Düsseldorf. . Um Gewerbeflächen-Not zu lindern, sollen sich Firmen von Arealen trennen, sagen Ministerin Scharrenbach und Innogy-Vorstand Müller im Interview.
Gewerbeflächen sind im Ruhrgebiet ein knappes Gut. Heute beschäftigt sich auch die von der Landesregierung initiierte Ruhrkonferenz in der Bochumer Jahrhunderthalle mit Konzepten gegen die Misere. Den Arbeitskreis leiten NRW-Bauministerin Ina Scharrenbach (CDU) und Innogy-Vorstandsmitglied Hildegard Müller. Mit ihnen sprach Frank Meßing.
Frau Müller, glauben Sie dass die Ruhrkonferenz das richtige Mittel ist, um die Gewerbeflächennot im Ruhrgebiet zu lindern?
Hildegard Müller: Ich finde sehr gut, dass Wirtschaft, Politik und Gesellschaft endlich einmal versuchen, die Region in einem gemeinsamen Schulterschluss strukturiert weiterzuentwickeln. Es bringt uns nicht weiter, immer nur einzelne Interessen in den Blick zu nehmen. Innogy ist eng mit dem Ruhrgebiet und den Kommunen verbunden. Deshalb engagiere ich mich in der Ruhrkonferenz.
Frau Scharrenbach, klagen Städte und Wirtschaft zu Recht über das knappe Gewerbeflächen-Angebot im Ruhrgebiet?
Ina Scharrenbach: Sowohl als auch. Es gibt gerade im Ruhrgebiet sehr viele Brachen mit Altlasten. Sie zu revitalisieren, kostet richtig viel Geld und dauert lange. Auf der anderen Seite haben wir gerade das Projekt New Park in Datteln zum Fliegen gebracht. Jetzt müssen die Kommunen auch das Planungsrecht dazu liefern. Wir müssen aber auch eine Debatte darüber führen, wie Gewerbegebiete der Zukunft überhaupt aussehen sollen.
Weil die Verursacher von Altlasten meist nicht mehr zu ermitteln sind, bleiben die Städte auf den Kosten sitzen. Wie können Land, Bund und EU da helfen?

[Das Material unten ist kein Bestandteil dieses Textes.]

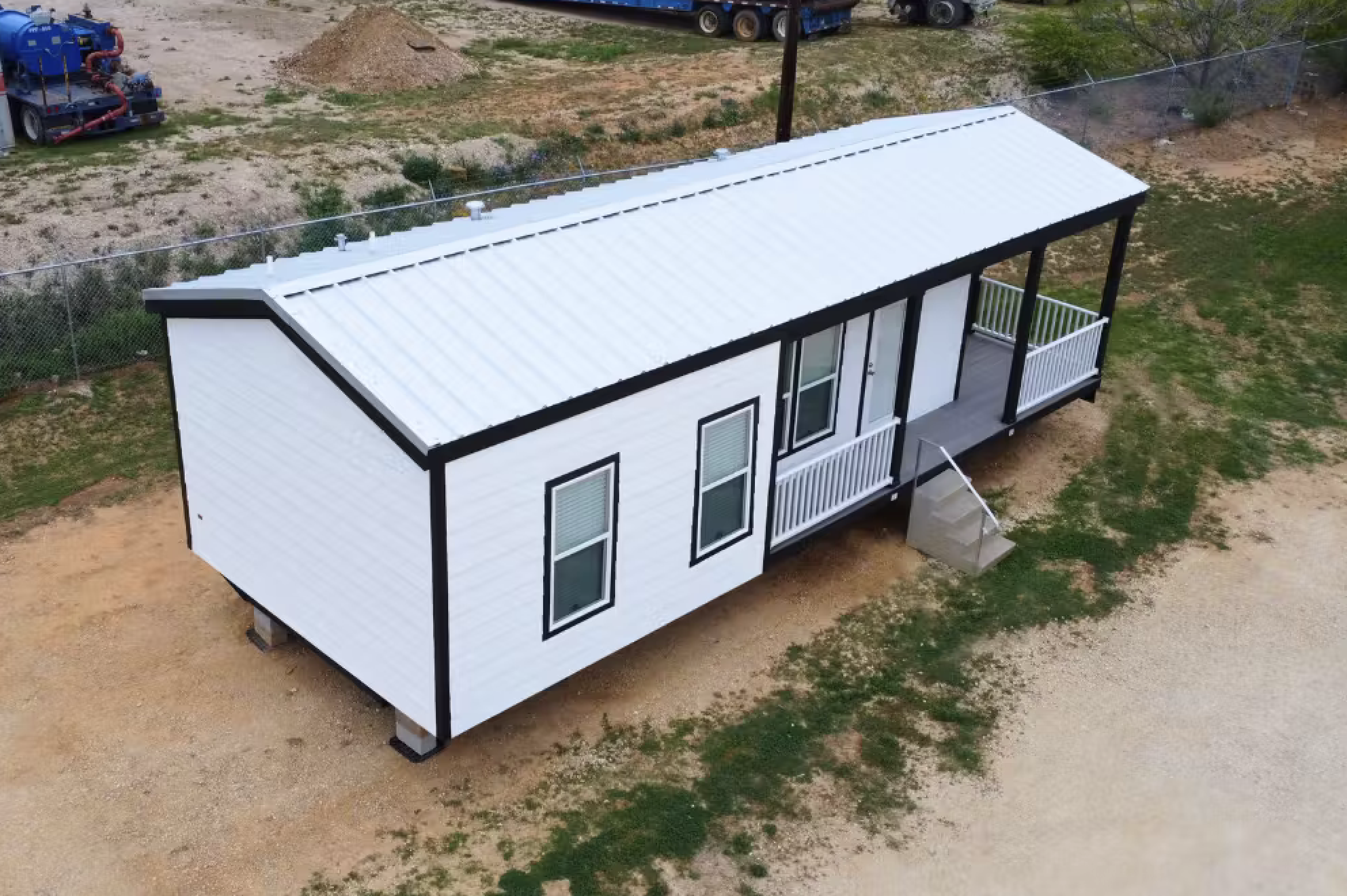 white mobile home roof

Scharrenbach: Natürlich geht es auch immer um Geld. Im Land steht uns ein hoher zweistelliger Millionenbetrag aus EU-Mitteln zur Verfügung. Wir prüfen gerade, welche Flächen für diese Förderung in Frage kommen. Gleichzeitig kämpfen wir auf der Bundesebene für eine Lockerung von rechtlichen Beschränkungen. Wir wollen erreichen, dass auf Brachen nach der Sanierung wieder die Nutzung stattfinden kann, die es dort vorher schon gab. Aktuell erlauben Vorschriften wie der Mindestabstand zu Wohnhäusern oder die Lärmschutzverordnung das nicht.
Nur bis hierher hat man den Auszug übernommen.